Given material:
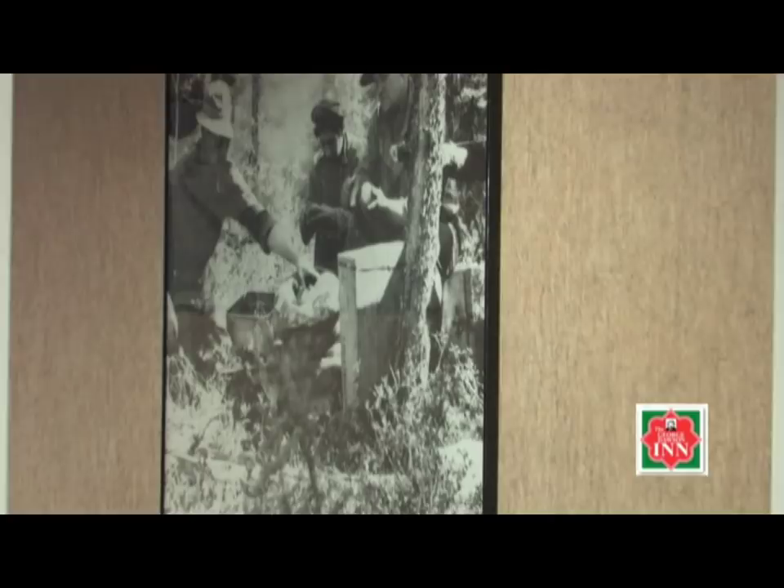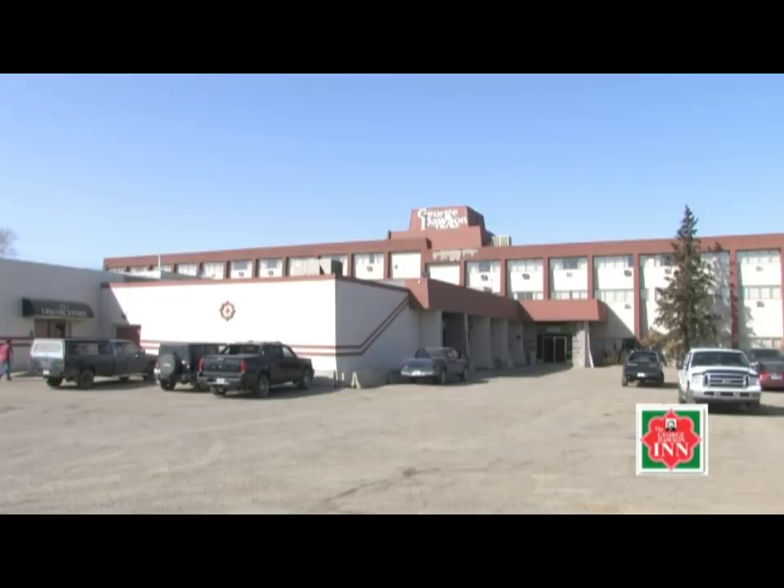Remember, the George Dawson Inn is located in beautiful Dawson Creek. It is conveniently located minutes from the airport and all major attractions. We are located directly across the street from Tim Hortons and McDonald's. We look forward to seeing you when you visit Dawson Creek.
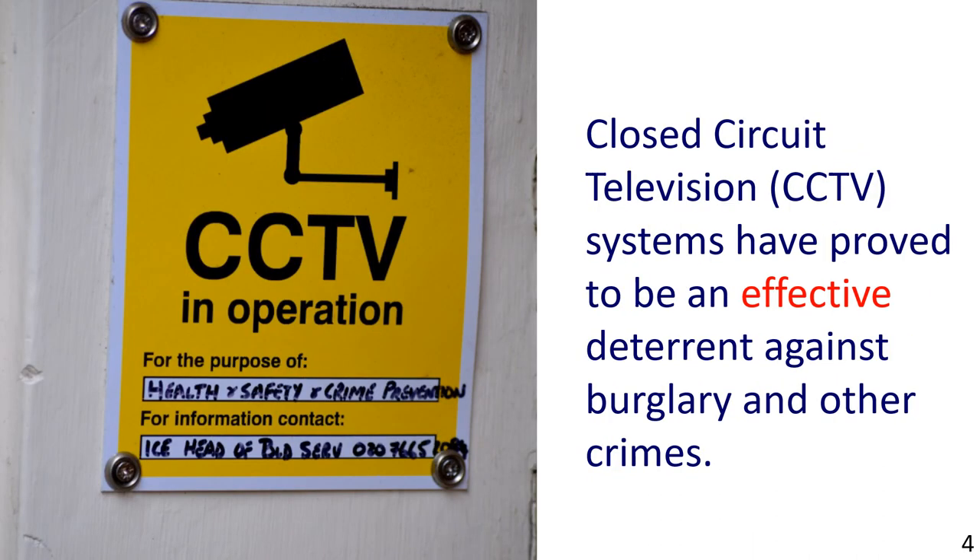Next, the picture shows a warning sign for CCTV. The sentence reads: Closed circuit television CCTV systems have proved to be an effective deterrent against burglary and other crimes.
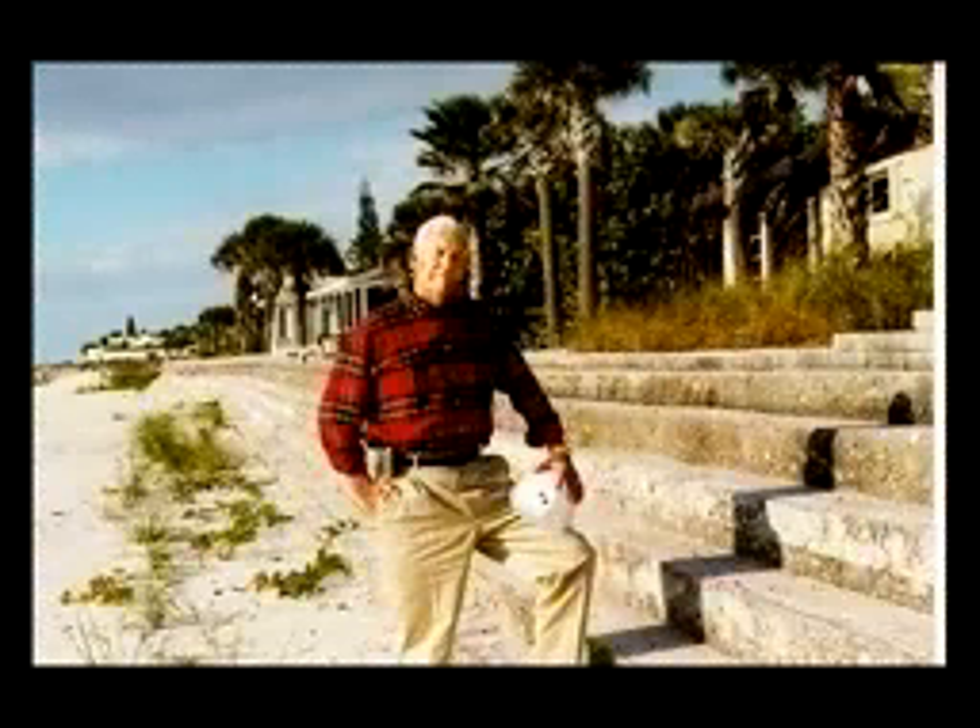Hi, I'm Fred Durr. I'm President and Chief Executive Officer of Frederick Durr & Company, a highway construction company in Sarasota, Florida, and I want to welcome you to our website.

Task to carry out:
Starting with the line that contains "Next, the picture", give the lines again exactly as they appear through the last line of the data, pictures excluded.

Result of the task:
Next, the picture shows a warning sign for CCTV. The sentence reads: Closed circuit television CCTV systems have proved to be an effective deterrent against burglary and other crimes.
Hi, I'm Fred Durr. I'm President and Chief Executive Officer of Frederick Durr & Company, a highway construction company in Sarasota, Florida, and I want to welcome you to our website.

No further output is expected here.